Any picture in the data below should be skipped, while every line is repeated exactly.

■ Raw data
----

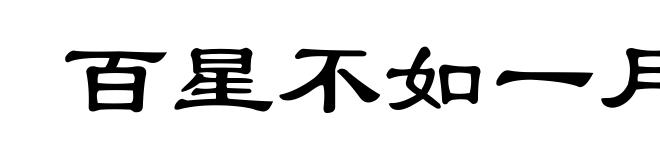 百星不如一月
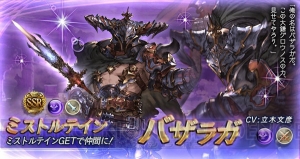 『グラブル』レジェガチャでベアトリクス、ゼタ、バザラガ、ユーステスがピックアップ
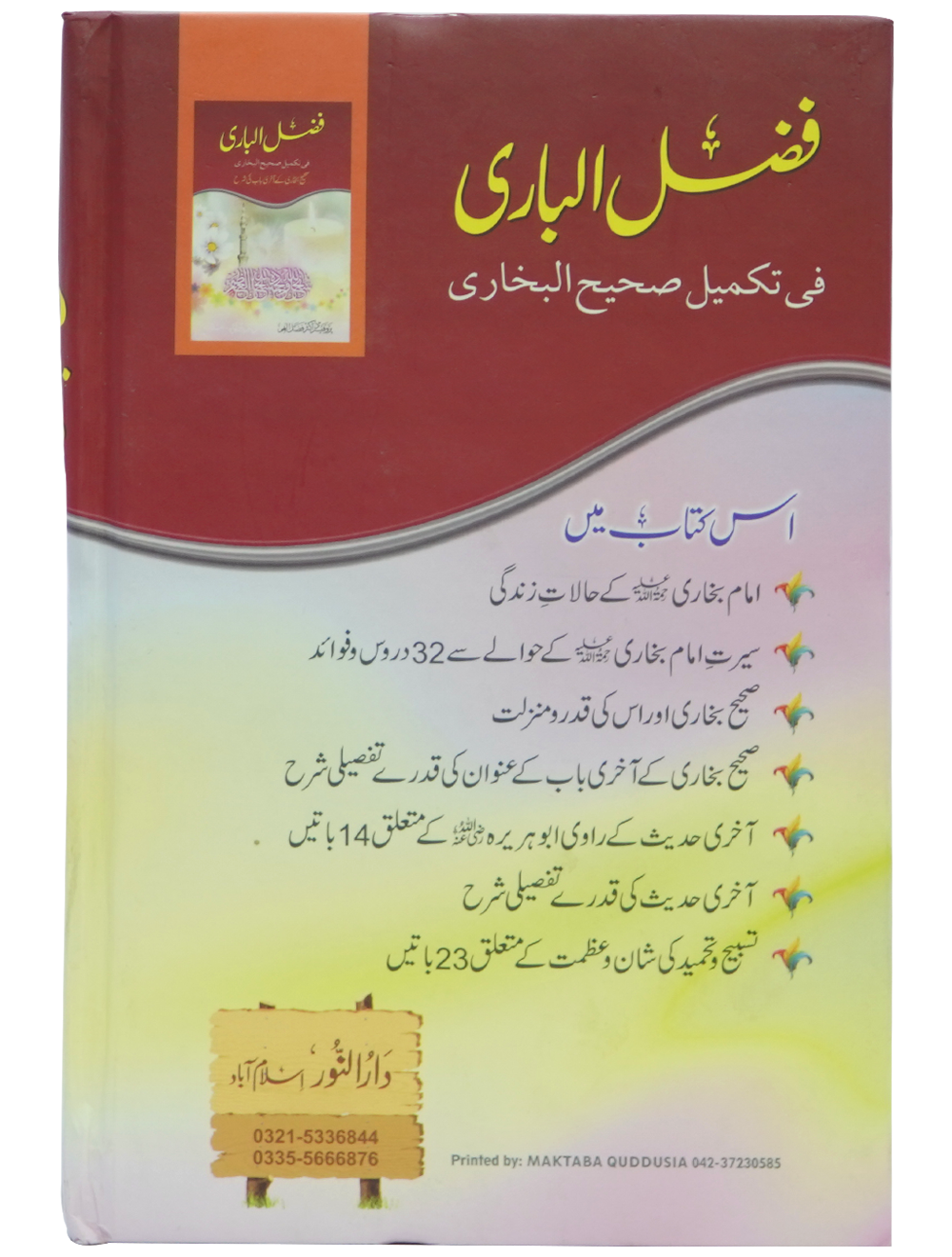 Fazl ul Baari Secondary image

----

■ Solution to this problem
 百星不如一月
 『グラブル』レジェガチャでベアトリクス、ゼタ、バザラガ、ユーステスがピックアップ
 Fazl ul Baari Secondary image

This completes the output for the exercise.